■ Required action:
Among the entries below, count the lines with "Produktbild" in them and state the total without comment.

■ The records:
####################

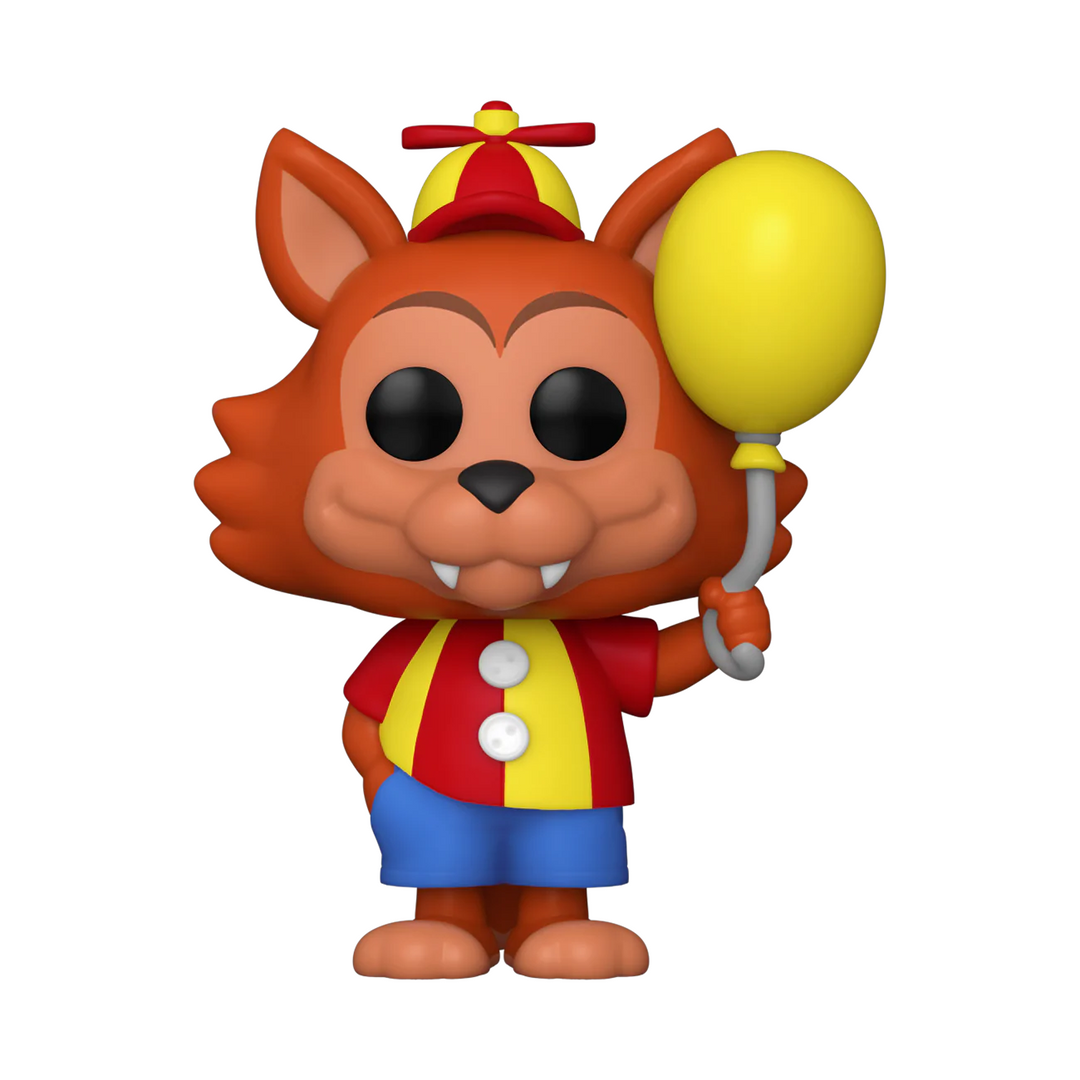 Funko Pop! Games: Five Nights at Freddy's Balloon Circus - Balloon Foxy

####################

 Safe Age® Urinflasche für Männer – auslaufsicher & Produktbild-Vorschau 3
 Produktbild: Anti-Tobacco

####################

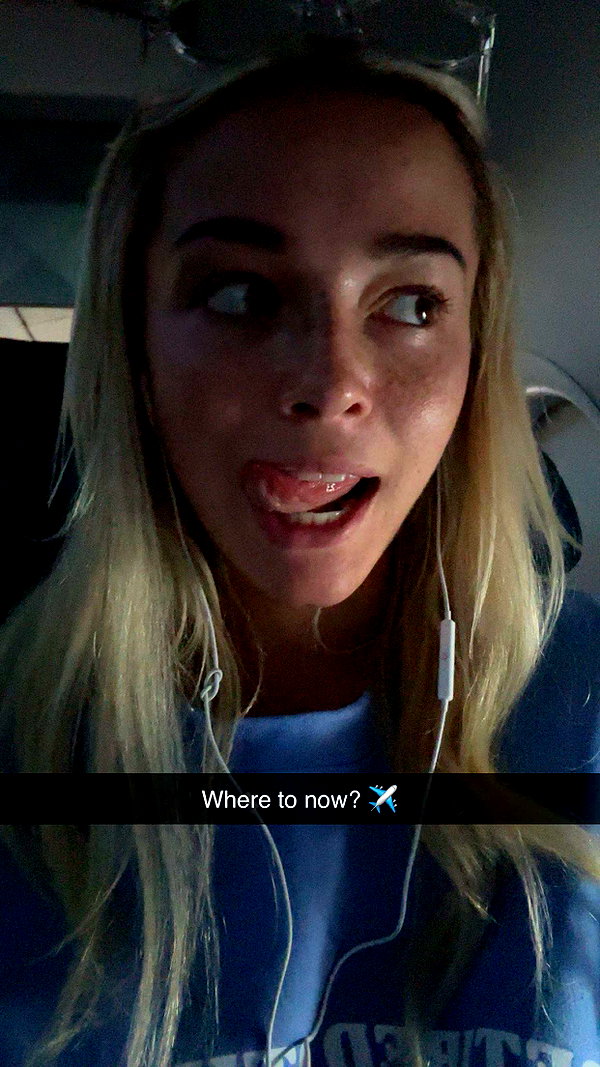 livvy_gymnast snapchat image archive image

####################

■ Solution to this exercise:
2